Les premiers jours le temps se montra favorable : l’armée expéditionnaire arriva devant Alger le 20 octobre sans aucun accident fâcheux, et Charles avec toutes les galères jeta l’ancre à une portée de canon de la ville. Le 21 le temps changea tout à coup; le vent devint si fort et la mer si haute que, redoutant une tempête, l’empereur jugea prudent de se retirer à Metafus[1]. Le vent ayant calmé dans la nuit du 22 au 23, il ordonna, au lever de l’aurore, que les troupes débarquassent; lui-même il descendit à terre. Le 24 l’armée parvint jusqu’à un ou deux milles d’Alger, et les divisions espagnole, italienne, allemande, prirent position autour de la ville : l’empereur, avec les princes, seigneurs, gentilshommes et officiers de sa cour, s’établit dans un vignoble au milieu du quartier des Allemands. Dans la soirée il s’éleva une affreuse tempête, accompagnée de pluie, de grêle et d’une obscurité effrayante. Le débarquement des troupes s’était fait avec une telle hâte que les soldats n’avaient pris ni tentes pour s’abriter, ni vêtements autres que ceux qu’ils portaient sur le corps; en peu de temps ils furent trempés jusqu’aux os, et leurs campements entièrement inondés.

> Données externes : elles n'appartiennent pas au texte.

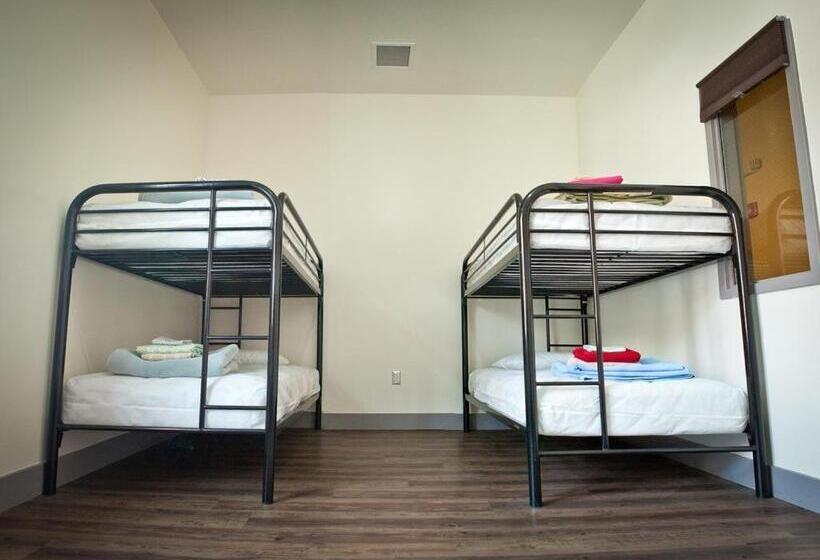 Nashville Downtown Hostel Adults Only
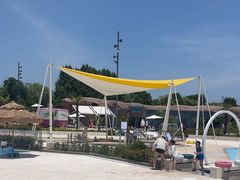 -太阳岛沙滩泳场水上乐园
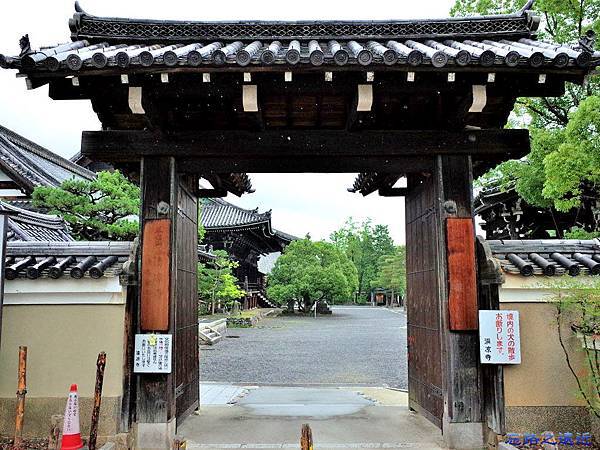 【關西.京都】京都小旅行~到嵐山走訪那一座暨見「釋迦如來」,又見「源氏物語 」的傳奇寺廟-清涼寺 25 pic pimg tw look2up 1447400493 2878622430 n jpg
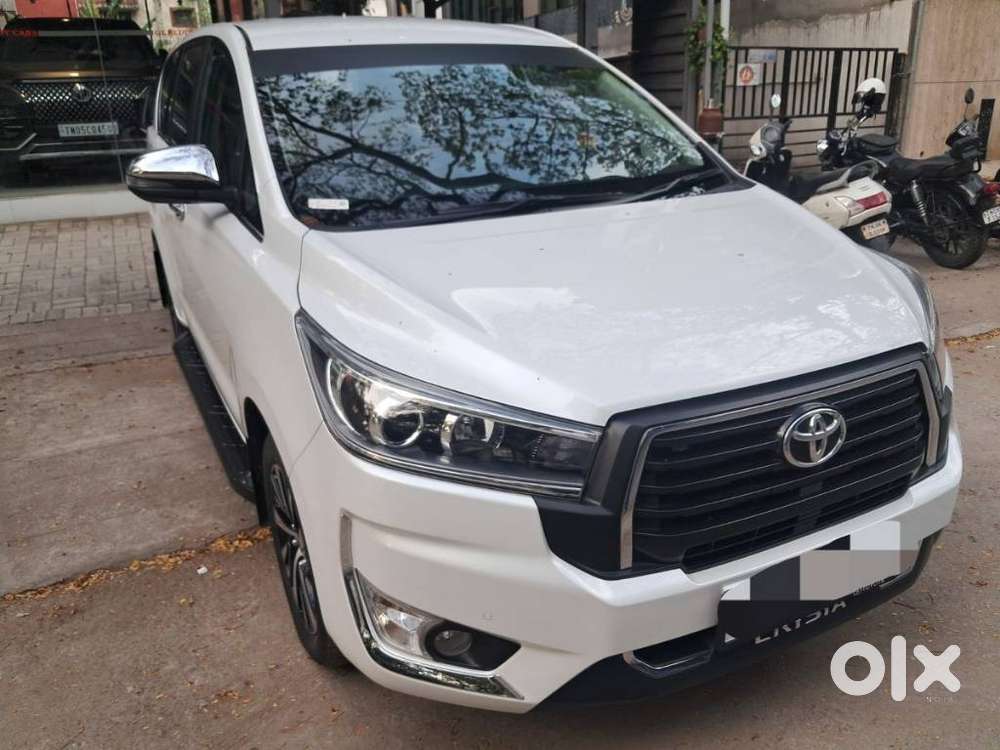Toyota Innova Crysta 2.4 Z 7 Str, 2025, Diesel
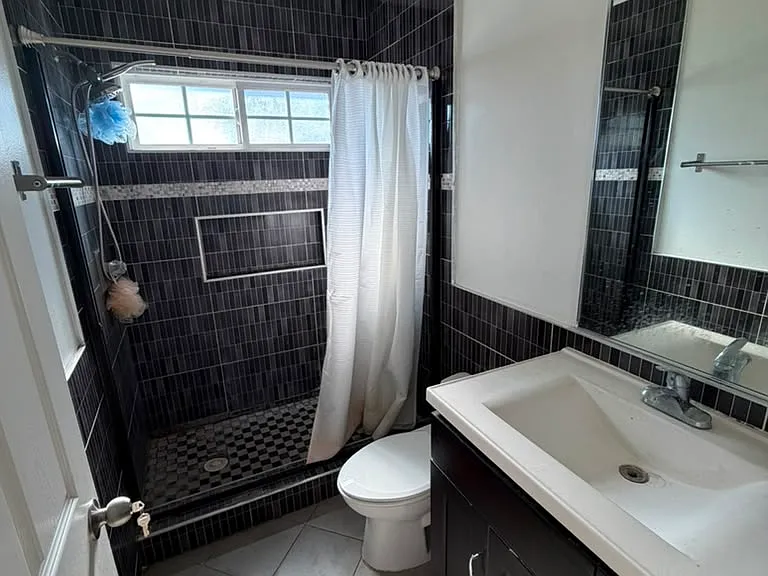 8785 Ralph St — Photo 1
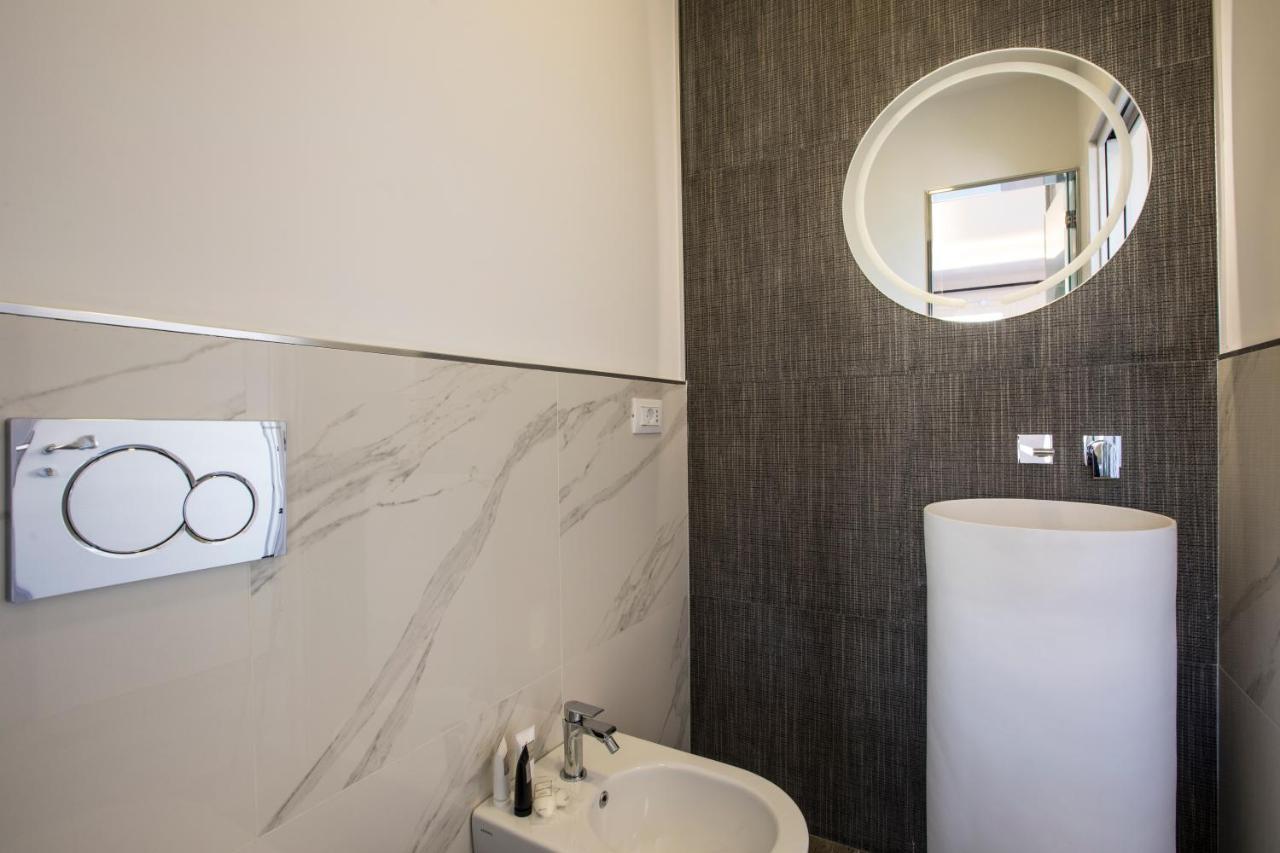 Vista Suites - Piazza Yenne Κάλιαρι Εξωτερικό φωτογραφία
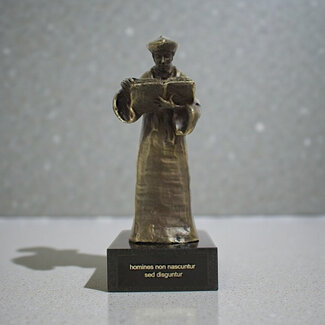 Corry Ammerlaan Sculptuur Erasmus (incl. geschenkdoos & verzending)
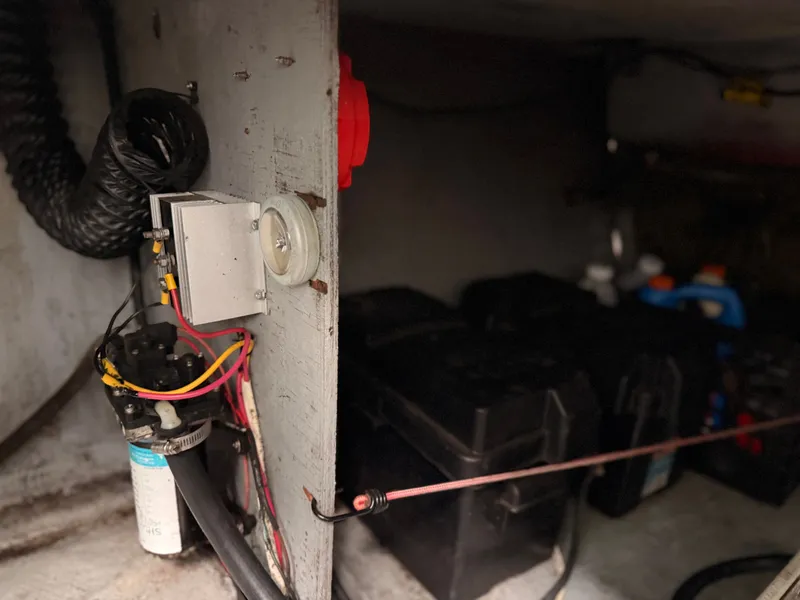 Slide: The Image of Electrical wiring in the engine compartment of a 2000 Baha Cruisers 272 Fisherman. - 48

Alger avait pour gouverneur ou vice-roi Hassein Aga, renégat sarde et eunuque qui, par son audace et sa férocité, s’était rendu plus redoutable que Barberousse lui-même; il disposait, pour la défense de la ville, de huit cents Turcs et de cinq mille Mores. Profitant de la détresse où la tourmente jetait l’armée chrétienne, Hassein sortit, le 25, de grand matin, avec une partie de ses forces, qu’il divisa en deux corps : l’un se porta contre les Espagnols, qui occupaient une montagne; il fut obligé de battre en retraite après avoir subi d’assez grandes pertes; l’autre attaqua les Italiens dont le quartier était tout près de la ville; ceux-ci prirent la fuite sans avoir opposé de résistance. Averti de ce qui se passait, Charles accourut l’épée à la main : animant les uns, admonestant les autres, les haranguant tous, il finit par rallier les fuyards, et, secondé des gens de sa maison et de quelques compagnies allemandes, il força les Mores de rentrer dans la place. Cette journée coûta à l’armée impériale trois cents hommes de tués et deux cents de blessés. Charles ne s’y montra pas seulement un valeureux capitaine, mais ses soldats purent se convaincre encore qu’ils avaient en leur empereur un chef plein de sollicitude pour eux. Quoique l’eau ruisselât sur son corps et qu’il fût excédé de fatigues, il ne voulut regagner sa tente qu’après que les blessés eurent reçu les soins que réclamait leur état[2].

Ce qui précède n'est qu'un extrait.